A key component of the `lm-evaluation-harness` library is the `Filter` object. In a typical evaluation run of the harness, we take the formatted inputs and run them through our LM, with the appropriate output type (greedy or free-form generation, or loglikelihood-based comparative scoring).
After getting scores or output text from our LM on each `Instance` or document in the dataset, we then need to feed these responses into a metric or scoring function to return scores to a user.
However, certain tasks may require more complex behavior than directly turning over model outputs to a metric function. For example, we may want to post-process our output text by truncating it or extracting a model's answer, we may want to ensemble over multiple "takes" on a different document, et cetera.
**Detailed Aside**:
We do such post-processing by operating on *responses*, which are stored after running an LM on an `Instance` from the task in `Instance.resps`.
`resps` is a `List[str]` for each instance, and we pass a `List[List[<expected return type from model>]]` to our filters that is a list of `[instance.resps for instance in instances]`.
Our filters, after completing a pipeline, must return a `List[<expected return type from model>]` which we then unpack and store each element of in `Instance.filtered_resps` for the corresponding instance. Thus, we take as input a list of returns from our model for each doc, and must return a return from our model *without it being wrapped in a list* for each doc.
**End Aside**
A full list of supported filter operations can be found in `lm_eval/filters/__init__.py`. Contributions of new filter types are welcome!
### Multiple Filter Pipelines
Tasks need not be limited to a single filter pipeline. We enable users to run multiple, distinct, filter pipelines on *the same model outputs* generated in one run on a task.
As a case study, let's look at an implementation of solving the Gsm8k math word problem benchmark in `lm_eval/tasks/gsm8k/gsm8k-cot-self-consistency.yaml`. Here, we are emulating the setup used by [Self-Consistency Improves Chain of Thought Prompting](https://arxiv.org/abs/2203.11171), in which evaluation is performed by generating N chain-of-thought outputs from a model via temperature-based sampling, then selecting the answers output by the model at the end of the chains of thought, then majority voting across all those numeric answers.

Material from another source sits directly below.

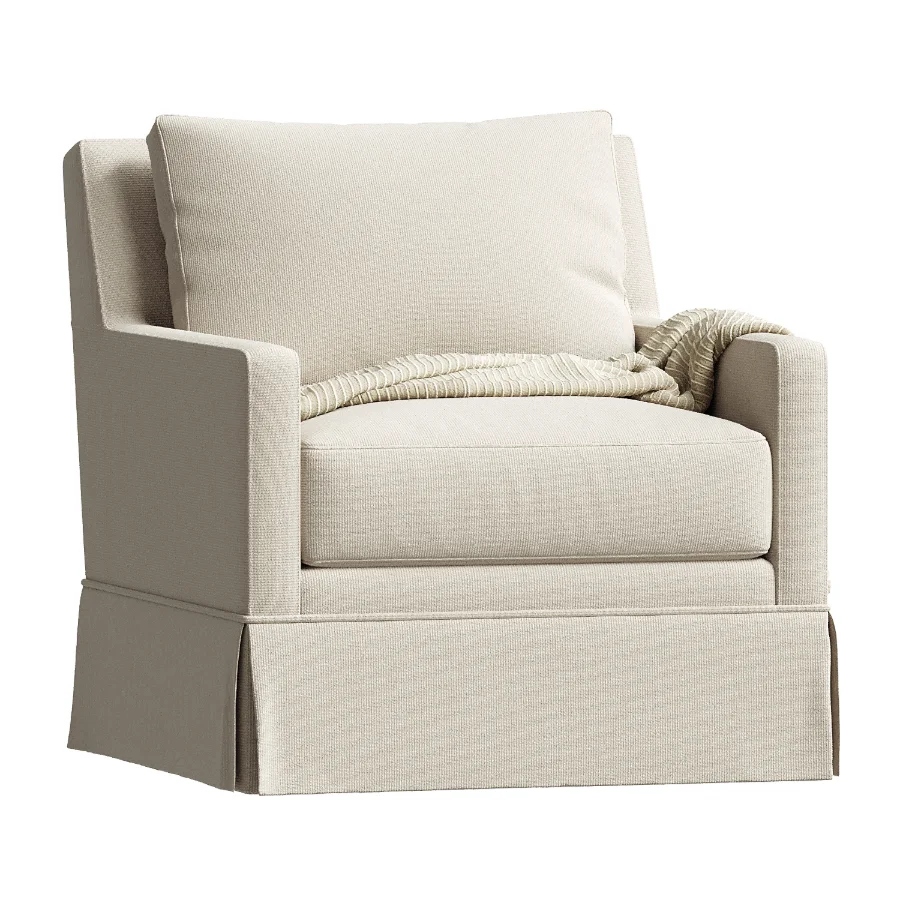 Augustus Club Chair Crypton Linen Image 1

Thus, given the 64 responses from our LM on each document, we can report metrics on these responses in these 3 different ways, as defined by our filter pipelines.
## Embedded Python Code
Use can use python functions for certain arguments by using the `!function` operator after the argument name followed by `<filename>.<pythonfunctionname>`. This feature can be used for the following arguments:
1.`doc_to_text`
2.`doc_to_target`
3.`doc_to_choice`
4.`aggregation` for a `metric` in `metric_list`
## (No Longer Recommended) Direct `Task` Subclassing
The prior implementation method of new tasks was to subclass `Task`. While we intend to migrate all tasks to the new YAML implementation option going forward, it remains possible to subclass the Task class and implement custom logic. For more information, see `docs/task_guide.md` in v0.3.0 of the `lm-evaluation-harness`.
## Including a Base YAML
You can base a YAML on another YAML file as a template. This can be handy when you need to just change the prompt for `doc_to_text` but keep the rest the same or change `filters` to compare which is better. Simply use `include` in the YAML file and write the name of the template you want to base from. This assumes that the base temeplate is in the same directory. Otherwise, You will need to define the full path.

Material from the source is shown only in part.